# Advanced Programme in Deep Learning (Foundations and Applications)
## A Program by IISc and TalentSprint


## Learning Objectives

* understand the different regularization methods to avoid the overfitting of neural networks

## Dataset


The original MNIST dataset contains handwritten digits. People from AI/ML or Data Science community love this dataset. They use it as a benchmark to validate their algorithms. In fact, MNIST is often the first dataset they would try on. As per popular belief, If the algorithm doesn’t work on MNIST, it won’t work at all. Well, if algorithm works on MNIST, it may still fail on other datasets.


As per the original [paper](https://arxiv.org/abs/1708.07747) describing about Fashion-MNIST, It is a dataset recomposed from the product pictures of Zalando’s websites. Fashion-MNIST is intended to serve as a direct drop-in replacement for the original MNIST dataset for benchmarking machine learning algorithms, as it shares the same image size, data format and the structure of training and testing splits.

There are some good reasons for the challenges faced by MNIST dataset:

* MNIST is too easy - Neural networks can achieve 99.7% on MNIST easily, and similarly, even classic ML algorithms can achieve 97%.

* MNIST is overused - Almost everyone who has experience with deep learning has come across MNIST at least once.

* MNIST cannot represent modern CV task





### Description

The dataset choosen for this experiment is Fashion-MNIST. The dataset is made up of 28x28 grayscale images of 70,000 fashion products from 10 categories, with 7,000 images per category. The training set has 60,000 images and the test set has 10,000 images.

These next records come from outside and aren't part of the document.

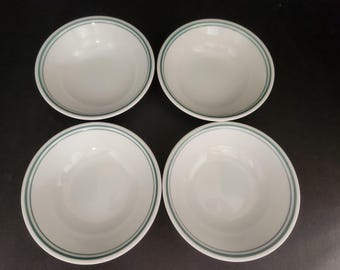 Corelle RoseMarie Sauce Dishes: Set of 4, Green Stripe Rim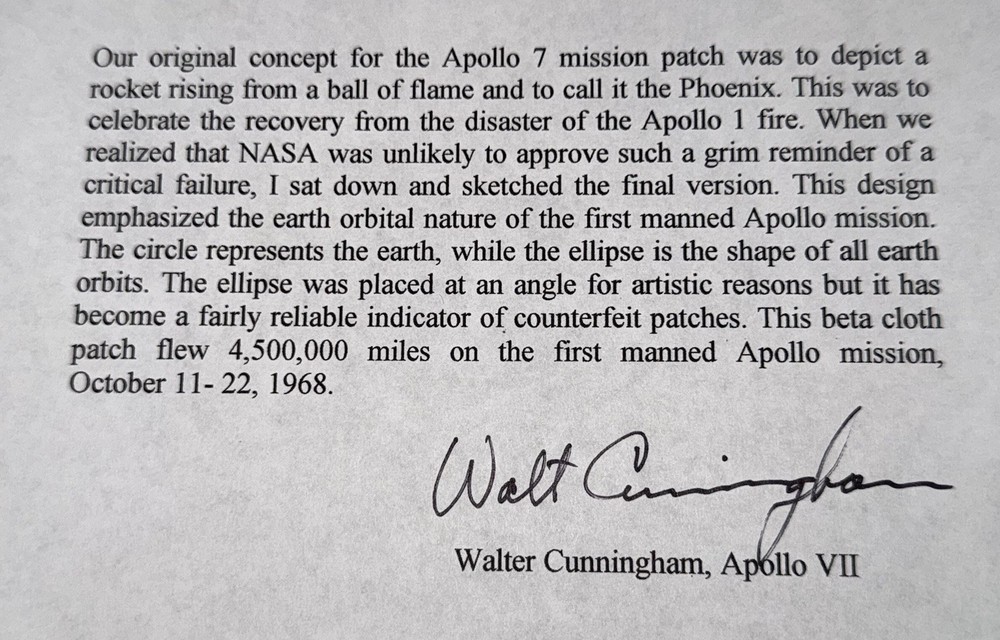 Apollo 7 flown beta cloth patch - Walt Cunningham COA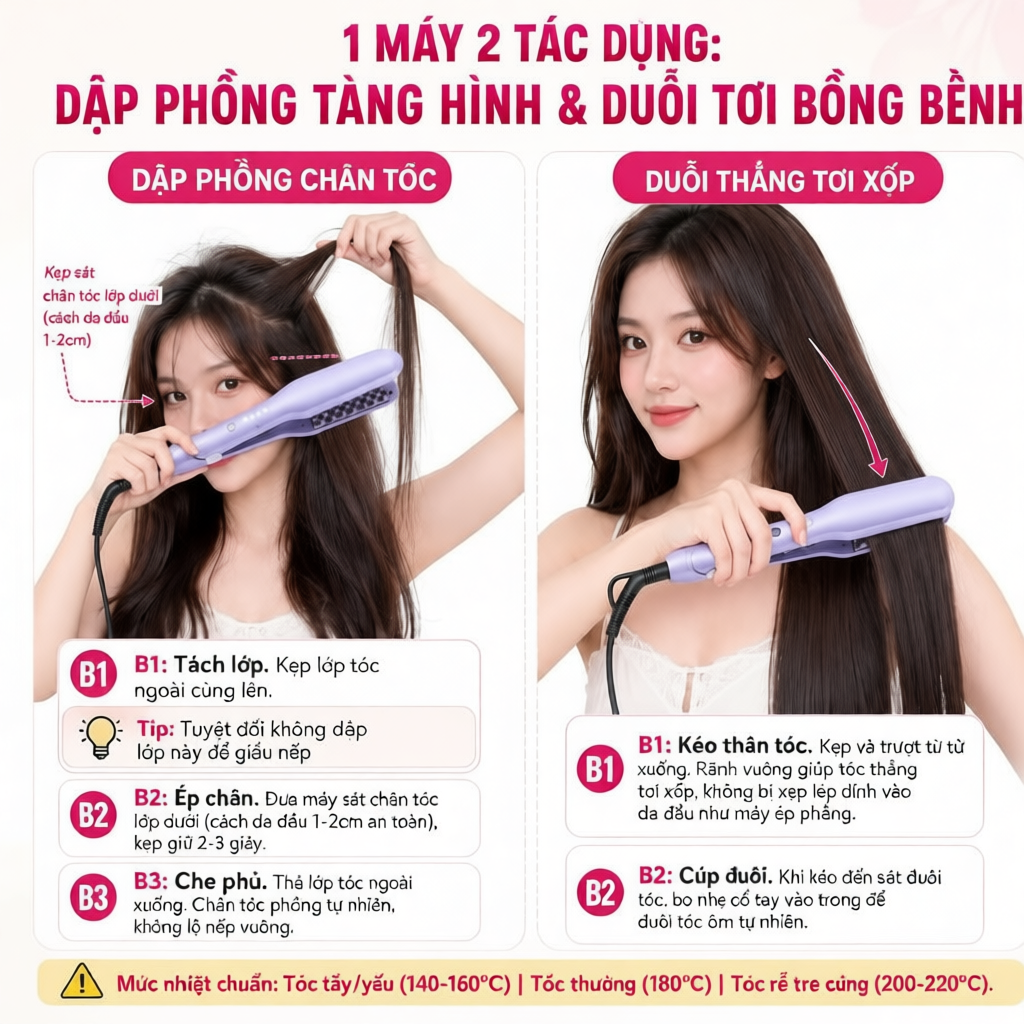 Máy Dập Phồng Chân Tóc Đa Năng Tạo Kiểu Tóc Tự Nhiên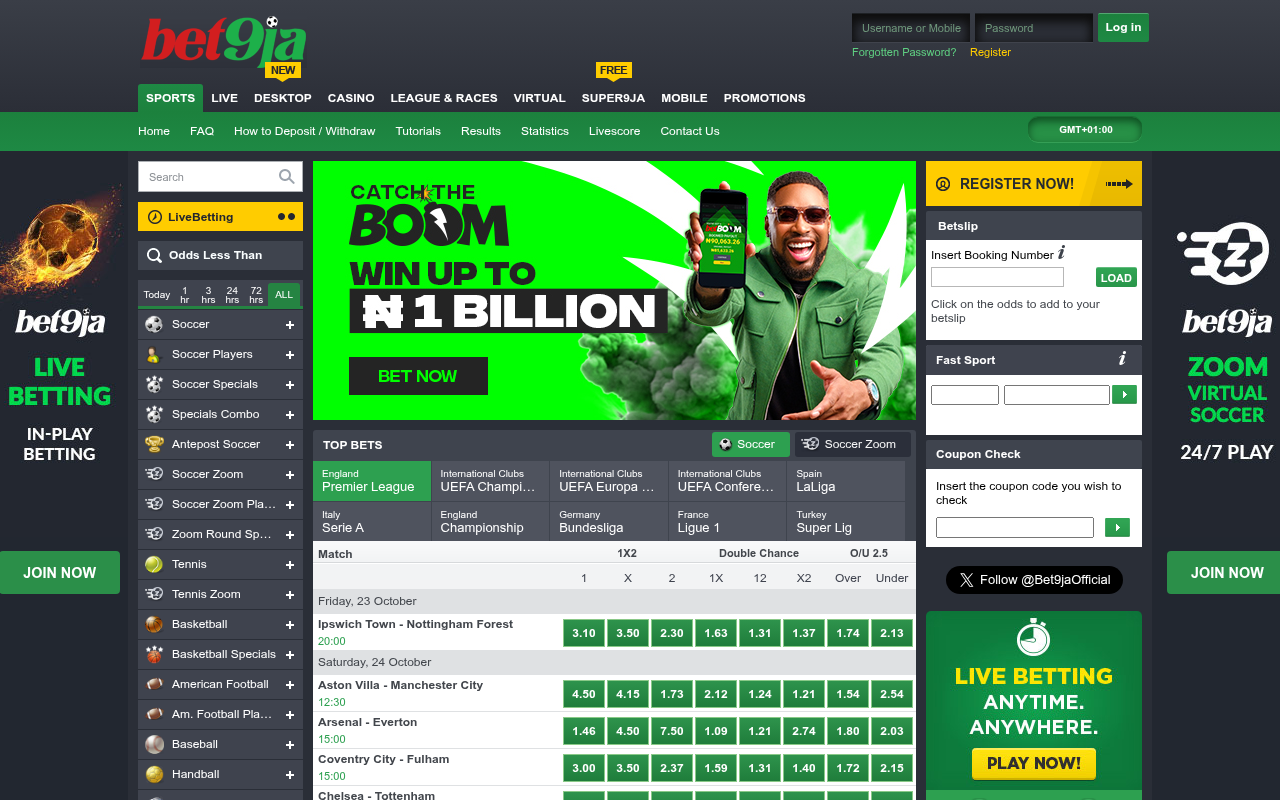 Bet9ja homepage screenshot (web.bet9ja.com)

Each image is 28 pixels in height and 28 pixels in width, for a total of 784 pixels in total. Each pixel has a single pixel-value associated with it, indicating the lightness or darkness of that pixel, with higher numbers meaning darker. This pixel-value is an integer between 0 and 255.

**Labels / Classes**

0 - T-shirt/top

1 - Trouser

2 - Pullover

3 - Dress

4 - Coat

5 - Sandal

6 - Shirt

7 - Sneaker

8 - Bag

9 - Ankle boot

### Import required packages

In [None]:
import numpy as np
import tensorflow as tf
from tensorflow.keras.datasets import fashion_mnist
from tensorflow.keras.models import Sequential
from tensorflow.keras.layers import Dense, Flatten, Dropout
from tensorflow.keras.optimizers import SGD, RMSprop, Adam
from tensorflow.keras.callbacks import EarlyStopping
import matplotlib.pyplot as plt

In [None]:
# Load and preprocess Fashion MNIST dataset
(X_train, y_train), (X_test, y_test) = fashion_mnist.load_data()
X_train, X_test = X_train / 255.0, X_test / 255.0

**X_train / 255.0:** This operation divides every pixel value in the training images (X_train) by 255.0. Since the division is element-wise, each pixel value is scaled down to a value between 0 and 1.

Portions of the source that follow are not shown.